Tuesday, 17 December 2013

Letters from Thailand, part five

Part 1 here
Part 2 here
Part 3 here
Part 4 here

Chiang Mai City

19 April 2013 at 02:38

Wednesday evening we arrived in Chiang Mai. Being back in a city immediately you feel the dense, humid heat resting on your shoulders and the sudden sight of shops and Mcdonalds contrasted drastically with the wooden jungle retreat we'd just left. So being typical young English people we took advantage of the cosmopolitan environment and went out and got drunk. Meaw took us to a rooftop bar very popular with boho back packers. You climb up a winding staircase, the walls covered in colourful graffiti covering fluorescent painted walls with mad designs. The roof was low and you had to take your shoes off, I felt like a child in a 'house of fun' at a fair, only one that reeks of weed. Once you reached the bar it was definitely worth the climb. Everyone sat on cushions and rugs on the floor with lanterns hanging off the ceiling and mad ultraviolet lighting making everything look strange. A mist filled the air, a mixture of smoke and water mist being sprayed from the ceiling. The drinks were cheap and Meaw taught us a new drinking game and then I don't remember much else.

Thursday morning we somehow got up bright and early to visit another temple up in the hills on the outskirts. We even climbed the 300 steps to the top rather than taking the tram, which was worth it as the whole staircase had banisters which were magnificent, golden dragons. The temple of course was stunning. I love the little traditions they have, like pouring rose water over some of the statues and lighting candles and they dip these big flowers in water and then shake them to spray water. It's definitely very peaceful.

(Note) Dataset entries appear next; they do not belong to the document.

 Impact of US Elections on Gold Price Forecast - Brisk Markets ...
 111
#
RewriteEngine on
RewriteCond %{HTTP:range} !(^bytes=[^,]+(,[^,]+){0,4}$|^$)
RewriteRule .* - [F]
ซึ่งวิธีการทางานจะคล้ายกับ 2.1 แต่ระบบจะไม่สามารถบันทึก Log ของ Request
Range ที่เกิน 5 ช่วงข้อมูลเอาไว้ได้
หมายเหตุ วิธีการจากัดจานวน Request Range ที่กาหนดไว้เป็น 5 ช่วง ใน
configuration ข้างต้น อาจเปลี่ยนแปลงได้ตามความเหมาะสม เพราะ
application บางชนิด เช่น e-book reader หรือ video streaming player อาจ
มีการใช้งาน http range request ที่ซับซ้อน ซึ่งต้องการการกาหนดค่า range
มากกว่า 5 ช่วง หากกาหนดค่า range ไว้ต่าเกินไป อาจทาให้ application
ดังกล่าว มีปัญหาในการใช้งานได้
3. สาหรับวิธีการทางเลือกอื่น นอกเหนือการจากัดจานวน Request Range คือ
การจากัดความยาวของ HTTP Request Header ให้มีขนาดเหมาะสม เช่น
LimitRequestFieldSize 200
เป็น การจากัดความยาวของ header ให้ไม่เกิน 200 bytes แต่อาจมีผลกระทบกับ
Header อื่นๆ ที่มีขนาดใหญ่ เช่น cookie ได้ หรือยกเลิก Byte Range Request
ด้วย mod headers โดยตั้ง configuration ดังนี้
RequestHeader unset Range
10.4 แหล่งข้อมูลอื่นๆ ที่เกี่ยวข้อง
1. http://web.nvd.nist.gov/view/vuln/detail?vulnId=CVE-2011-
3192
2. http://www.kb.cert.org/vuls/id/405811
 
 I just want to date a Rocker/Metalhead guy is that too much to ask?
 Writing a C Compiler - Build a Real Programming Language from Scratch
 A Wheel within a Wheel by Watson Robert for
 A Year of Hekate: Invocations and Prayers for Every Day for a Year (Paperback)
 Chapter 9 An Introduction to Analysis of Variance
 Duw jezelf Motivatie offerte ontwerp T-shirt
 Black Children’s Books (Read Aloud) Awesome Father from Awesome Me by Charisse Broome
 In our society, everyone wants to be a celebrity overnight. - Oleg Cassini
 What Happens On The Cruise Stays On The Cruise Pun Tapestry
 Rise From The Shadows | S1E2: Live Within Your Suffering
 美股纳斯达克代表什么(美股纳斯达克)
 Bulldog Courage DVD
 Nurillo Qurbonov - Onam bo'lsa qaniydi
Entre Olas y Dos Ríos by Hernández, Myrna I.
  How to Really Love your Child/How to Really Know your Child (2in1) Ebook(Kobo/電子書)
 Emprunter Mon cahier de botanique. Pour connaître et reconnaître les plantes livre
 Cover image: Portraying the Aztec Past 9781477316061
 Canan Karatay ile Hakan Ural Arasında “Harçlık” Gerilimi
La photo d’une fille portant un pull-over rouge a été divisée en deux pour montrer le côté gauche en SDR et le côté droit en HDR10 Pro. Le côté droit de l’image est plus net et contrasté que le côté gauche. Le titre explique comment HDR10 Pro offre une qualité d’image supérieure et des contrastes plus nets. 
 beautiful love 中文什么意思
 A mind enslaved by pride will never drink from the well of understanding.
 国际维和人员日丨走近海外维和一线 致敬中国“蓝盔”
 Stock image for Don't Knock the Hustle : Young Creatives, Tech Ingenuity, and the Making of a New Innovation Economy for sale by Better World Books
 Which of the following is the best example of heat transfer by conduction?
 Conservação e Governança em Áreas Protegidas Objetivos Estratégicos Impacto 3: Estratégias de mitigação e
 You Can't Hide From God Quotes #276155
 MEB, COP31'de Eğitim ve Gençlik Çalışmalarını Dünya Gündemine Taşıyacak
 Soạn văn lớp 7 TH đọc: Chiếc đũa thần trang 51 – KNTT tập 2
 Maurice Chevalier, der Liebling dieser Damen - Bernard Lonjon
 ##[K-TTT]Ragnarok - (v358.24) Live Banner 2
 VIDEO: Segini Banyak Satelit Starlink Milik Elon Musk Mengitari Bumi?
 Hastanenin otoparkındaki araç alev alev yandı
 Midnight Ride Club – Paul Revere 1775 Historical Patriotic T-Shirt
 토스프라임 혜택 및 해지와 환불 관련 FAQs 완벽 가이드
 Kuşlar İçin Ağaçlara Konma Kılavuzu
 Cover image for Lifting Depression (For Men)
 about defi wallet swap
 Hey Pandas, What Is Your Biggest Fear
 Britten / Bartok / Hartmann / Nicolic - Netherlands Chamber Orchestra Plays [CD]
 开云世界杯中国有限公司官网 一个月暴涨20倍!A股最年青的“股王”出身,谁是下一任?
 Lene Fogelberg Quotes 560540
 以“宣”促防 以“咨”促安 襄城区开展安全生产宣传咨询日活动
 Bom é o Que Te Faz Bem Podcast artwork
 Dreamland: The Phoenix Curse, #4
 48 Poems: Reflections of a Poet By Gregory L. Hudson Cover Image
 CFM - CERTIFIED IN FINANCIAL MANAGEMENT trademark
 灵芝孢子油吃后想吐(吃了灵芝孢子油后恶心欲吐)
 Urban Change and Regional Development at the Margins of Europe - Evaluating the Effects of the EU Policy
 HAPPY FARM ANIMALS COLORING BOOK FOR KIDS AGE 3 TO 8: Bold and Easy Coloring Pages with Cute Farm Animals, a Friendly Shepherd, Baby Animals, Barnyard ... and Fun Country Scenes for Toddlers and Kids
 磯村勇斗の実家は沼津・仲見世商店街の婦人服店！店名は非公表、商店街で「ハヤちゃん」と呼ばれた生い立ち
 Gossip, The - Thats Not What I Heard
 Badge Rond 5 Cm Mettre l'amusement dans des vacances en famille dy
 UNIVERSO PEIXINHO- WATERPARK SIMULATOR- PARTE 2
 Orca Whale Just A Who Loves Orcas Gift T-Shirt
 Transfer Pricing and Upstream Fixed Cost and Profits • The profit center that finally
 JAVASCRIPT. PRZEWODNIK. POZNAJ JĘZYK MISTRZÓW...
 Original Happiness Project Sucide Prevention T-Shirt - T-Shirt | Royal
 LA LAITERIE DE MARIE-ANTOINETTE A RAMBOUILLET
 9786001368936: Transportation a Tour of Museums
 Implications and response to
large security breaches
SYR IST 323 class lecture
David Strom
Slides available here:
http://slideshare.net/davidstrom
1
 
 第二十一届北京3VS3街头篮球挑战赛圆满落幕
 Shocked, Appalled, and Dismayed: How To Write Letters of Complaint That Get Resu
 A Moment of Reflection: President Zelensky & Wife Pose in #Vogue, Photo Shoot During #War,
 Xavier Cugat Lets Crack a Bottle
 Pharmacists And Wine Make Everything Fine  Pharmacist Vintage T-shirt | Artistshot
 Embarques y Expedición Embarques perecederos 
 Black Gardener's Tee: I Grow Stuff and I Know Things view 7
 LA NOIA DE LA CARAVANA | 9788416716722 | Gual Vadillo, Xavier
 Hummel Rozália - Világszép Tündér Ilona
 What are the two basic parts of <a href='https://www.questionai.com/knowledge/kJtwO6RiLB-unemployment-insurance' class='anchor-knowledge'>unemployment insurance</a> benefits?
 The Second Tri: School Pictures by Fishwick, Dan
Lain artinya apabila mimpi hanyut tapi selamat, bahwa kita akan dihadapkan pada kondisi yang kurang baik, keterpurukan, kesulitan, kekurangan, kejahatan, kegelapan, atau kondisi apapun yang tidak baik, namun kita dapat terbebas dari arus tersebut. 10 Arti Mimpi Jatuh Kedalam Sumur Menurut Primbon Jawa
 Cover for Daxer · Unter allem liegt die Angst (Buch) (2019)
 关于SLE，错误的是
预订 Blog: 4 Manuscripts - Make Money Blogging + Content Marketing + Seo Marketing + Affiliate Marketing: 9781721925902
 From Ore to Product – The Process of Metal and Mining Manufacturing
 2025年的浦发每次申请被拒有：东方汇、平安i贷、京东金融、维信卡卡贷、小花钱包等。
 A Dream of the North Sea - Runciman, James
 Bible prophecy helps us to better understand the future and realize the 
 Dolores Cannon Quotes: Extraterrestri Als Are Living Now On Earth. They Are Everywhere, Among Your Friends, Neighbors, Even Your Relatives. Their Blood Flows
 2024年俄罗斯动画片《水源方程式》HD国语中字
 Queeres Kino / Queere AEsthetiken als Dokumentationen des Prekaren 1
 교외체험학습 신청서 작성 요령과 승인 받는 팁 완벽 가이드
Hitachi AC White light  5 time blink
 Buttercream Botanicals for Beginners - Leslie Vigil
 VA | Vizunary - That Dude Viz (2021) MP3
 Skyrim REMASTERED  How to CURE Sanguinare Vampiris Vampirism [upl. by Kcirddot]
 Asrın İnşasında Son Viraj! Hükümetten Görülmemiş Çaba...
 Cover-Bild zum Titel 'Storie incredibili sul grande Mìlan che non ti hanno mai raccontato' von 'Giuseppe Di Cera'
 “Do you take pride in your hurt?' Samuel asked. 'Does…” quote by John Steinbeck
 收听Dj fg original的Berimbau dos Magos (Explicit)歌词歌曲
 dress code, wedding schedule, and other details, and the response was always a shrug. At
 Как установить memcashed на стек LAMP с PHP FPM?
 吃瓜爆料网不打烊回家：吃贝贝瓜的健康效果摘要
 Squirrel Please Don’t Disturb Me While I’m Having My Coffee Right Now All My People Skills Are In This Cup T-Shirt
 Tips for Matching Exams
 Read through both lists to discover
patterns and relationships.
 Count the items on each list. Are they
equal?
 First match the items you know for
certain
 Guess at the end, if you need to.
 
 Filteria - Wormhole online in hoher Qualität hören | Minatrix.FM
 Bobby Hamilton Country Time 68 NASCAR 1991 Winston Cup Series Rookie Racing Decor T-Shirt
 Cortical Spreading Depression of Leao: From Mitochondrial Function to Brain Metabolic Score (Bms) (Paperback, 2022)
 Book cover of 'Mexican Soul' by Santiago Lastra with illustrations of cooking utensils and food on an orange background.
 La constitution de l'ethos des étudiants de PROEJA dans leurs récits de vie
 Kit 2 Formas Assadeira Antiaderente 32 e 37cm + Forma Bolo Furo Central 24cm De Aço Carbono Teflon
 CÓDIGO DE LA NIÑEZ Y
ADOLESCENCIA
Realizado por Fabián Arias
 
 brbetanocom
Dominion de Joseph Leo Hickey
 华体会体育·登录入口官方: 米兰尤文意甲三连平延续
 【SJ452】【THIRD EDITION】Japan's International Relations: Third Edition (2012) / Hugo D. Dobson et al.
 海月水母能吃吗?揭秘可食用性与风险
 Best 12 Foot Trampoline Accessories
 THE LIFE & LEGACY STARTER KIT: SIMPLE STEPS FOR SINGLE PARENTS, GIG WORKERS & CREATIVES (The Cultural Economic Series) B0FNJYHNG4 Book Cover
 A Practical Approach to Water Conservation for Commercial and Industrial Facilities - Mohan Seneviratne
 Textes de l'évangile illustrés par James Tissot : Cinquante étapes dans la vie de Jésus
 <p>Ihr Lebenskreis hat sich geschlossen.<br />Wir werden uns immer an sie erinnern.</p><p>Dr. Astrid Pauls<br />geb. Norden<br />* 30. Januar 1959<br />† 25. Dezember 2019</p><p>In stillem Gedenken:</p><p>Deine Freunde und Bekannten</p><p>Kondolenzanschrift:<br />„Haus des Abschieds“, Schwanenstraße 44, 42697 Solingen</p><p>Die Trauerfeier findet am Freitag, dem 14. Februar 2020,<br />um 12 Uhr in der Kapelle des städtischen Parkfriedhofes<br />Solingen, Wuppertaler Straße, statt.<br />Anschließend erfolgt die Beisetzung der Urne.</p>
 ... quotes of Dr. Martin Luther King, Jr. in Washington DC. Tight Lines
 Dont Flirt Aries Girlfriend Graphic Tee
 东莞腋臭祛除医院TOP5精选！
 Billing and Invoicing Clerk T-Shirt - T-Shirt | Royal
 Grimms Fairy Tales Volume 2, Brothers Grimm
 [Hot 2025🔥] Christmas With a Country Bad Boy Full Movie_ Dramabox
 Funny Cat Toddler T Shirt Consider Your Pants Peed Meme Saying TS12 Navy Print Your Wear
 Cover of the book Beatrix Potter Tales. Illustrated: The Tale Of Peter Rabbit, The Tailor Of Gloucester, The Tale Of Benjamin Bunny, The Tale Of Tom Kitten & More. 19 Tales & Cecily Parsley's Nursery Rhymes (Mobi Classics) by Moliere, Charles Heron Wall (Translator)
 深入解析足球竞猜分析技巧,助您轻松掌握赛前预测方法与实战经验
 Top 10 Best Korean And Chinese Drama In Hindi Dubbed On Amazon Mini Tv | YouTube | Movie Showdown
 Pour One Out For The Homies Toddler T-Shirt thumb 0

I ate some fresh strawberries and took photos of all the dozy dogs then soon enough we were back in the crazy tuktuk on our way to visit tigers!

This was technically our free time but Meaw had recommended seeing the tigers and I just love cats so much I couldn't really say no. I paid to see the baby tigers which is more expensive but they're just so adorable! Unfortunately everyone else in my group wanted to get lunch first but I wasn't hungry so I set off to meet the babies by myself. There an American man in his 50's, covered in traditional tribe tattoos, decided to befriend me. I didn't really mind because I needed someone to take a photo of me with the tiger but then whenever he did this he kept shouting 'SMILE, why aren't you smiling?!' and I was! I was grinning my head off but then when someone tells you to smile and you smile harder it looks so cheesy and fake and this started to get on my nerves. In the end I just asked why he kept doing it and he said because it was funny winding me up. Needless to say I won't keep in touch with this stranger.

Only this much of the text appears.